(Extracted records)
--
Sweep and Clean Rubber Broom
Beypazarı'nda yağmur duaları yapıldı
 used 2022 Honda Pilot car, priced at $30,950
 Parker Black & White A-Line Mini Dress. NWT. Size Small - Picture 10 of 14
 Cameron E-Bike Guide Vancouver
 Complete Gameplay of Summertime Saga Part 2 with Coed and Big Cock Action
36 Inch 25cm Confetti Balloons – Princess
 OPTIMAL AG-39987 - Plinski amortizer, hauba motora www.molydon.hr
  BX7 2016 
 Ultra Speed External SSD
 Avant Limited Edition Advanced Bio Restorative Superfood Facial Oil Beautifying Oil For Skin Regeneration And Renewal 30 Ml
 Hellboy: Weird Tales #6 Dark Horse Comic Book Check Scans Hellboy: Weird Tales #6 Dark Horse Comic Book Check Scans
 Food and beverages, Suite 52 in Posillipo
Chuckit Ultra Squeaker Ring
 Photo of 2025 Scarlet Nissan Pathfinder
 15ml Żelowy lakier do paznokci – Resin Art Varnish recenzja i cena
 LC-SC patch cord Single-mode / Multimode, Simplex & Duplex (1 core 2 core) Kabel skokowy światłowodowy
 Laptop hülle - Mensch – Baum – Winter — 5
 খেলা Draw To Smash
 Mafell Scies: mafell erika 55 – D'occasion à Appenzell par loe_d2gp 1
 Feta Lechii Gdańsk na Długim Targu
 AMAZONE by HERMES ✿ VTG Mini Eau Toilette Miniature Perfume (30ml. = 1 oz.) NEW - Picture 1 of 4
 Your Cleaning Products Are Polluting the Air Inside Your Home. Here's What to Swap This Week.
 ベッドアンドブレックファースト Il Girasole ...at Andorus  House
--
WHAT IS NEEDED —
When you reach the line with "used 2022 Honda Pilot car, priced at $30,950" in the records above, start writing out lines exactly, and stop once the line with "Ultra Speed External SSD" has been written; include nothing else.

OUTPUT BELOW —
 used 2022 Honda Pilot car, priced at $30,950
 Parker Black & White A-Line Mini Dress. NWT. Size Small - Picture 10 of 14
 Cameron E-Bike Guide Vancouver
 Complete Gameplay of Summertime Saga Part 2 with Coed and Big Cock Action
36 Inch 25cm Confetti Balloons – Princess
 OPTIMAL AG-39987 - Plinski amortizer, hauba motora www.molydon.hr
  BX7 2016 
 Ultra Speed External SSD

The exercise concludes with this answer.